Color of the Mask - most masks are cut from posterboard or other relatively thin cardboard stock. The mask should be flat black on the surface that faces into the telescope, but the color of the other side is of no consequence. I use two sided poster board - matte black on one side and white on the other. I use the white side for all my plotting of the holes!
Shape of Openings - The simplest S/H Masks have circular openings. The reasons for my use of triangles will be evident shortly.
Number of Openings - the mask must have at least two openings but there is little benefit to having more than four. Three is very common.

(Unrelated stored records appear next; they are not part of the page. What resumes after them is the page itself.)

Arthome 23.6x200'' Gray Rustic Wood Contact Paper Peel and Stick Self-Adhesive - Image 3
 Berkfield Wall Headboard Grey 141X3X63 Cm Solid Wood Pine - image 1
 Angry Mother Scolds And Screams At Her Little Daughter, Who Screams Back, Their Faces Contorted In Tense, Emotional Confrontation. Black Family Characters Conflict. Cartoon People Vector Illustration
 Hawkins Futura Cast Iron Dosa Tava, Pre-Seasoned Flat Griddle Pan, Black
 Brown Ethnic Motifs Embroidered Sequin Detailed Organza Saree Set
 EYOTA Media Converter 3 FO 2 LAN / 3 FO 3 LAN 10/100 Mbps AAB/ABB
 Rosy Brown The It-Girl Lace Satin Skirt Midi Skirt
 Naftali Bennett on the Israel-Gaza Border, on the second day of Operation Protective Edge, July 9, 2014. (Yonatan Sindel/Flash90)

Arrangement and Orientation of Openings - In theory, the openings could be anywhere on the mask, but a symmetrical arrangement results in a pattern that is easier to use. A mask with two openings would thus have them spaced at 180o, a three opening mask (above) would space them at 120o, and a four opening mast would use a 90o spacing.
Size of Openings - The larger the openings, the easier the mask is to use, subject to the following constraints:
The outer edge of the openings must not extend beyond the limits of your clear aperture. I always offset inward by a few millimeters (as shown above), just to be sure.
The openings should not impinge on the central obstruction if your telescope has one.
The openings should not impinge on each other.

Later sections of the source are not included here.